**What to produce**
Repeat exactly, and only, the lines of the entries below from the one with "We use humans" through the one with "Hello students, in", both ends included.

**Information provided**
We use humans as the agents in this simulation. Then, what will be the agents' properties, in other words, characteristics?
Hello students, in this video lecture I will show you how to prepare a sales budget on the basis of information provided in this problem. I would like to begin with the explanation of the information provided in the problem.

* * *

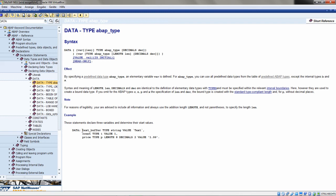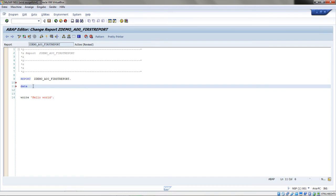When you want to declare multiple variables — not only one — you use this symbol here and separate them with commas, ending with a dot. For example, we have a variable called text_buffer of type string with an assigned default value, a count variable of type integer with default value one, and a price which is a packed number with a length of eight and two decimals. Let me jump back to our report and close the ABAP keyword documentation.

* * *

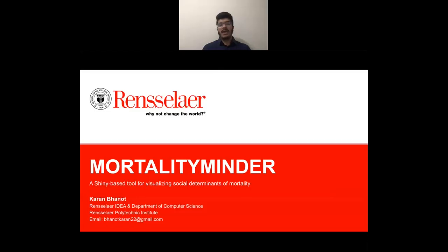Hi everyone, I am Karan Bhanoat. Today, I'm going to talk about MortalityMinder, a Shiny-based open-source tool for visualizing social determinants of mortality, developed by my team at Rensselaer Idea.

**Solution for this task**
We use humans as the agents in this simulation. Then, what will be the agents' properties, in other words, characteristics?
Hello students, in this video lecture I will show you how to prepare a sales budget on the basis of information provided in this problem. I would like to begin with the explanation of the information provided in the problem.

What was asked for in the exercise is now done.